▸ **Task details**: Before you return the lines below, strip out any images and keep every word as written.

Dataset items:
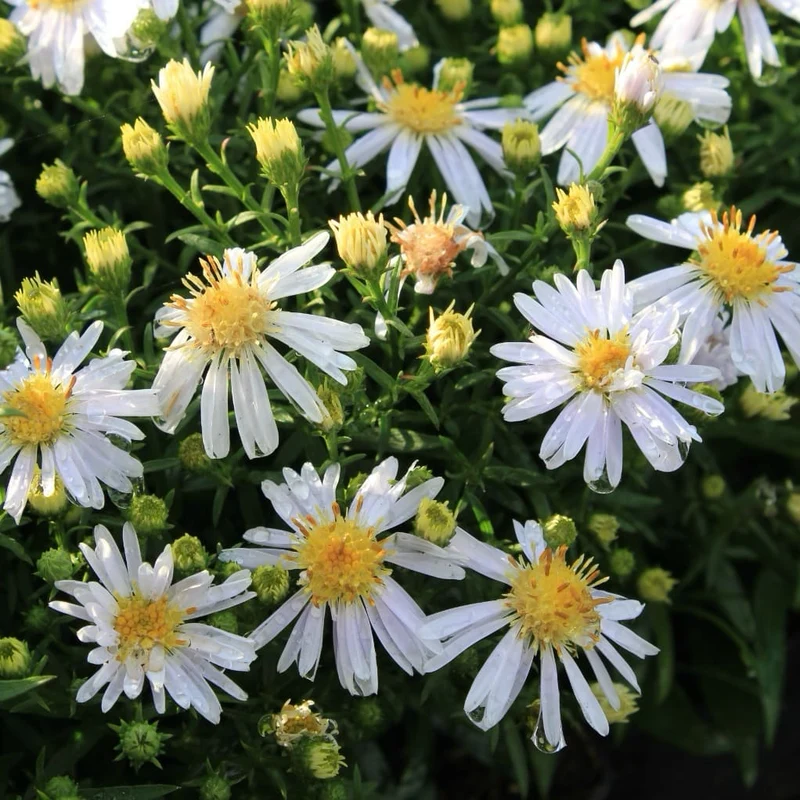 Kissen-Aster 'Apollo' Weiß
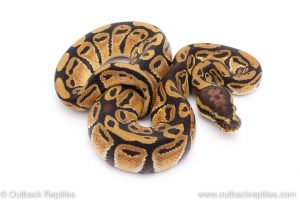 Africa Import Dinker Ball Python for sale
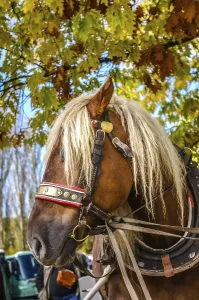 Horse harnessed to the carriage near Hluboka Castle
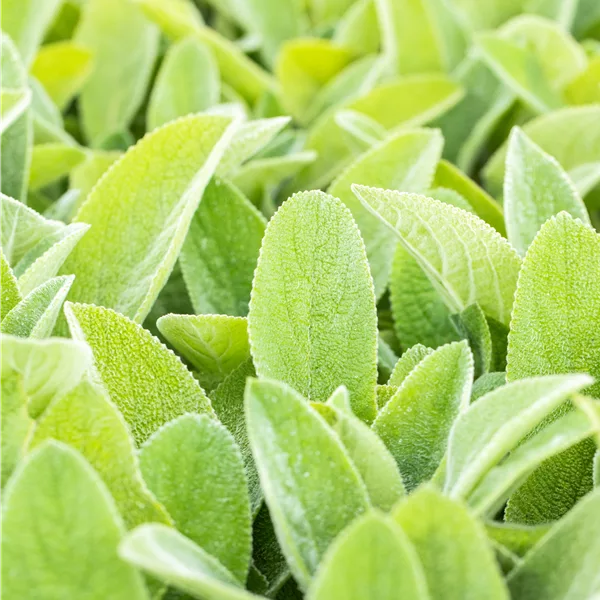 Stachys byzantina 'Big Ears'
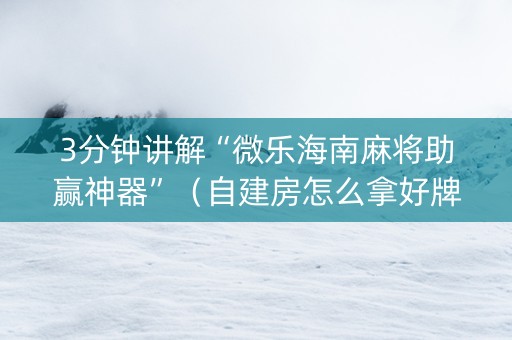 3分钟讲解“微乐海南麻将助赢神器”（自建房怎么拿好牌)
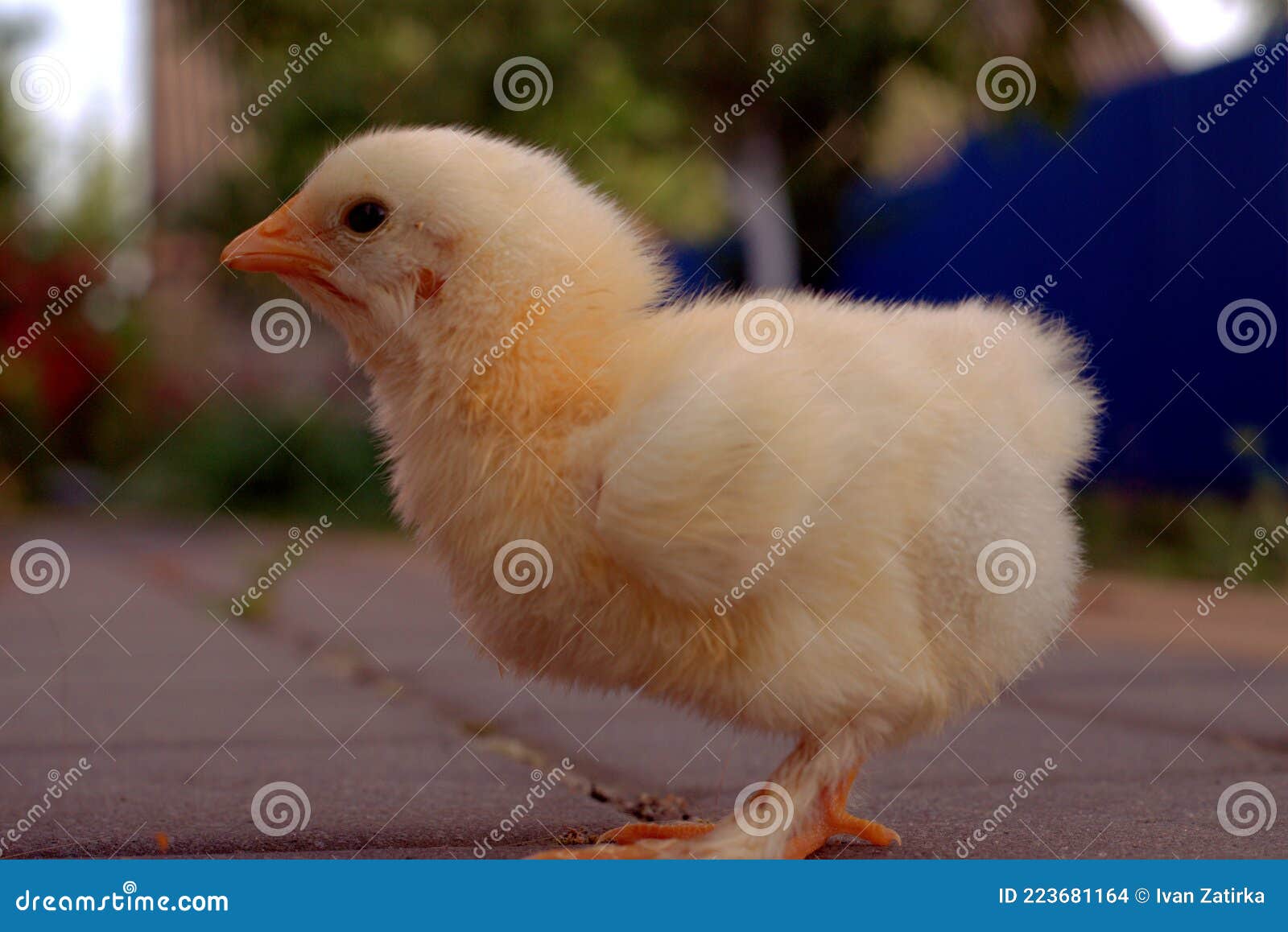 A Little Chicken Walks on the Pavement Stock Photo Image of chicken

▸ **Exercise output**:
 Kissen-Aster 'Apollo' Weiß
 Africa Import Dinker Ball Python for sale
 Horse harnessed to the carriage near Hluboka Castle
 Stachys byzantina 'Big Ears'
 3分钟讲解“微乐海南麻将助赢神器”（自建房怎么拿好牌)
 A Little Chicken Walks on the Pavement Stock Photo Image of chicken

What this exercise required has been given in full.